But I think he’s fundamentally wrong on his two key exemplar solutions – GM and Nuclear energy. We love a bit of heresy at Futerra, and every established idea and position needs revisiting from time to time, but I can’t help thinking that if GM and Nuclear are the answer we are asking the wrong questions…(without going massively into detail here it is I think highly questionable to suggest that mass centralized energy generation via uneconomically viable nuclear plants, underwritten by the public or deeper, irreversible consolidation of the food chain into corporate hands are ‘good things’. And both the Nuclear and GM industries have swallowed billions in subsidy and funding to dubious effect).
And this I think is the limitation of the Planetary Boundaries concept. It works brilliantly to define our ecological limits, but, and this is where Mark’s solutions also potentially falter, it depoliticizes the challenge and effectively ignores the social and economic factors we know are so critical. One of the key reasons green campaigners have had so much difficulty getting traction for alternatives in the past is because politics is at the heart of every option we have to hand. Whether it’s who gets to live next door to the nuclear waste facility or beside the wind farm…the debate is always highly politically polarized.
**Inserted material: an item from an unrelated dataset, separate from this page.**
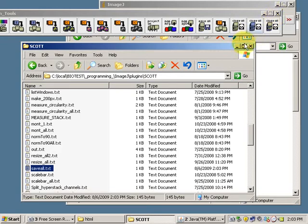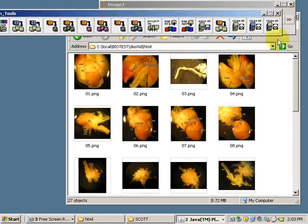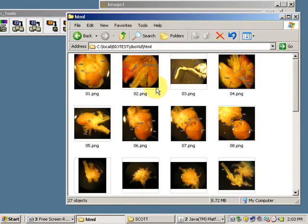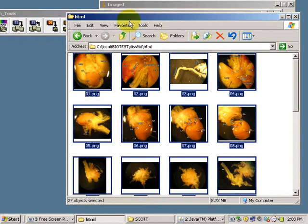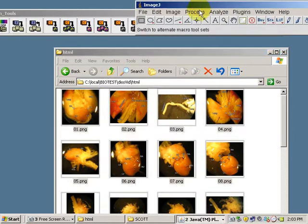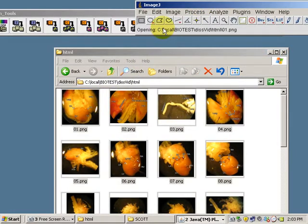And I can select All with Control-A. And I will drag and drop them into ImageJ. And this will open all of the images one by one.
Mark’s overall point still stands, that as we emerge from the 10,000 year Holocene (a period of relatively benign climatic conditions in which humanity has flourished) into the Anthropocene (where humankind becomes a key world-shaping force) we have become the ‘God Species’. We can transform our civilization or trash the planet and most probably ourselves in the process. So if we’re the God Species are we to be Old Testament ‘Fire & brimstone’ Yahweh’s, or plump, contented, cerebral Buddhas…? Answers on a hymn sheet please…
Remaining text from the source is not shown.